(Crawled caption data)

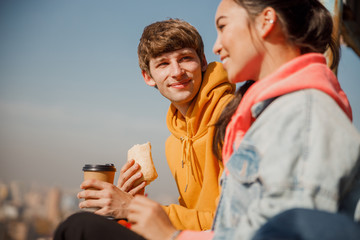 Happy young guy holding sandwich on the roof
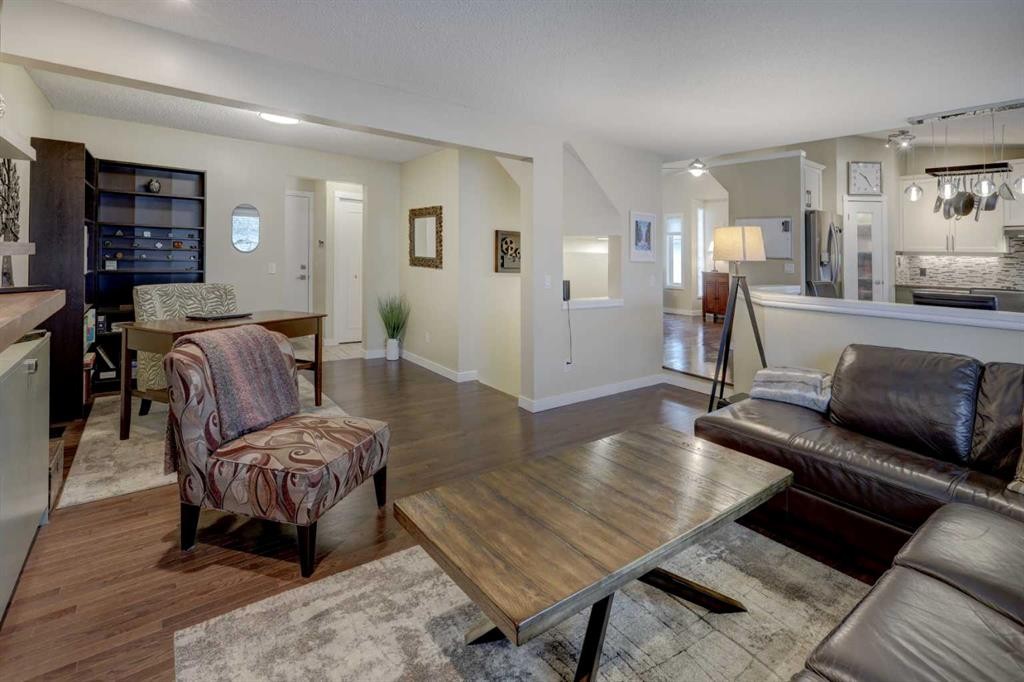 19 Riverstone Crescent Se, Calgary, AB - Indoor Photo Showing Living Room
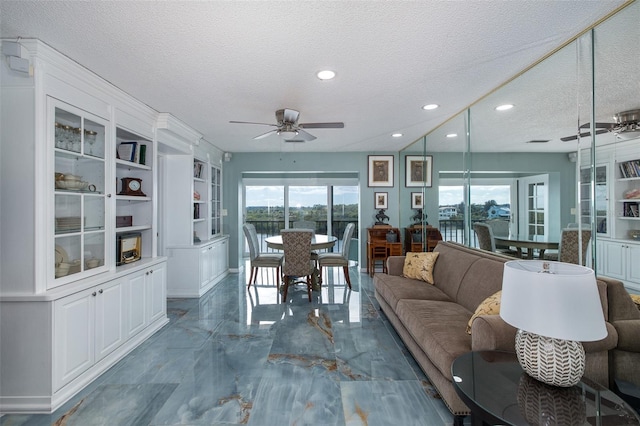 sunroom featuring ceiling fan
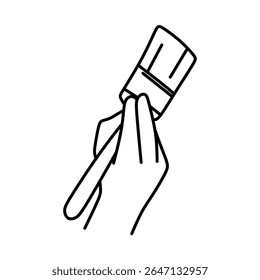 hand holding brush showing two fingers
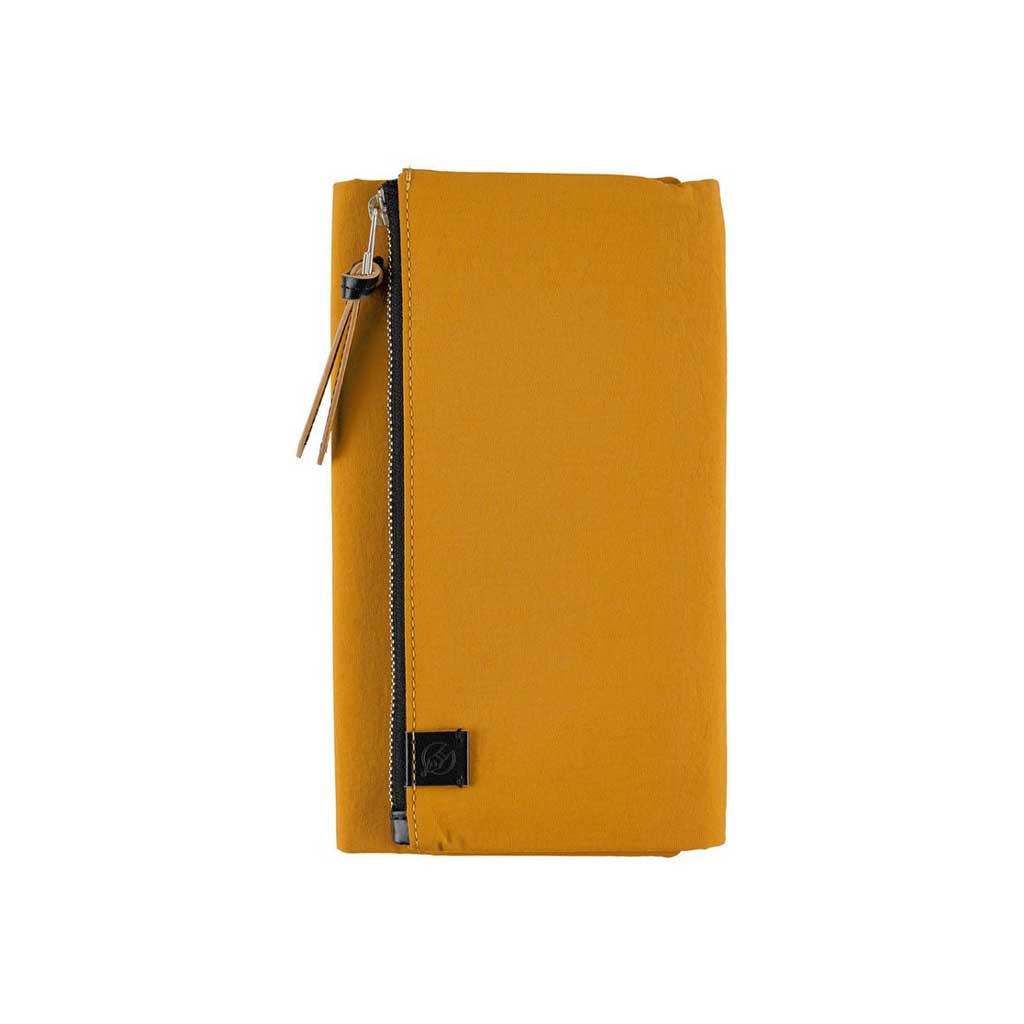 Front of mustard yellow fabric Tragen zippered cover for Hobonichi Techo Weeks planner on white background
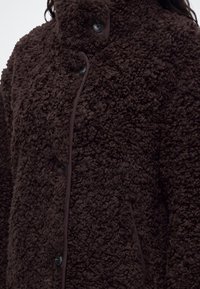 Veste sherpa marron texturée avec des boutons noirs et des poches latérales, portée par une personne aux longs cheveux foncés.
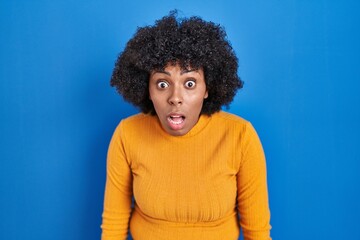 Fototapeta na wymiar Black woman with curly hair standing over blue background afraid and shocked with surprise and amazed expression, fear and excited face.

§ Exercise details
No pictures should appear in the answer, which is to be the lines from the line with "hand holding brush showing two fingers" through the end of the records above, restated exactly.

§ Answer area
 hand holding brush showing two fingers
 Front of mustard yellow fabric Tragen zippered cover for Hobonichi Techo Weeks planner on white background
 Veste sherpa marron texturée avec des boutons noirs et des poches latérales, portée par une personne aux longs cheveux foncés.
 Fototapeta na wymiar Black woman with curly hair standing over blue background afraid and shocked with surprise and amazed expression, fear and excited face.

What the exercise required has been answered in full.